So one dojo student, in his teens, decided it might be a good idea to do some fundraisers. The first one, a car wash, went off two weeks ago and was the most successful car wash on record for the dojo. The second event, the Literary Extravaganza, was today; and it featured books for sale by the pound, as well as open poetry and fiction readings. For a town as small, remote and rural as this one is, it was amazingly well received. Between the two events, about $800 was raised. That’s not bad by most standards.

It was hot as hell today (105 in the shade), we had something on the order of half a ton of books to sell at $1.50/lb., but still the key player and organizer of the event took a little time to play with a cute little kid.
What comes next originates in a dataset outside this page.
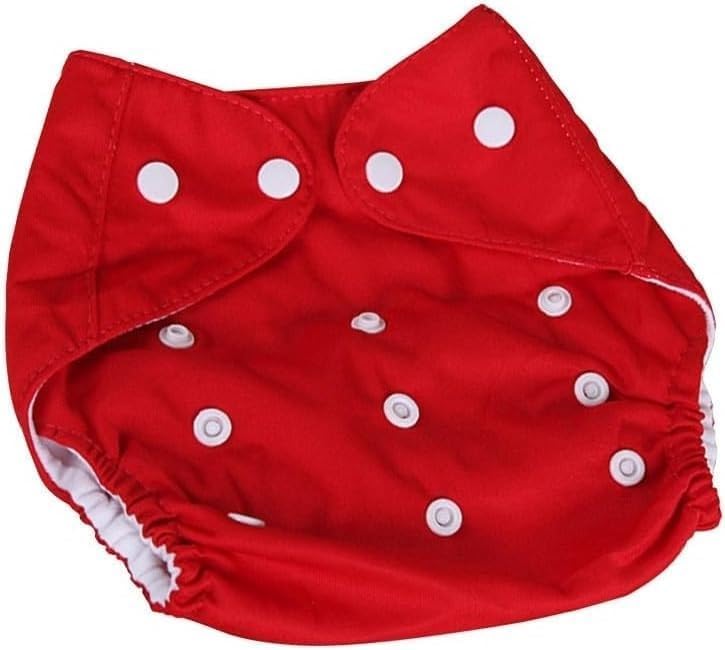 Baby Cloth Diaper Reusable Cotton Pocket Nappy Adjustable Washable Waterproof Breathable Soft Insert Friendly For Newborn Infant Toddler 0-3 Years (Red) - image 1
It was one of those moments that you either get or you don’t. I have a new D40 — essentially the same as the D50 I use at work, except it’s smaller and doesn’t autobracket exposure — and its combination of instant-on, autofocus, trustworthy exposure and white balance and a flexible zoom let me capture this. I had about two seconds to see the shot, turn on the camera, compose and hit the shutter — and of the pair of exposures I got, this was the better one.

Oh, the fact that the subjects were at ease helped.

This JPEG is virtually identical to the raw NEF I took off the chip; I only upped the EV by .6. I didn’t do anything else to the framing, color balance or what have you. I didn’t even need a fill flash; the shop windows reflected enough light to cover me.

Sometimes, you just get really lucky.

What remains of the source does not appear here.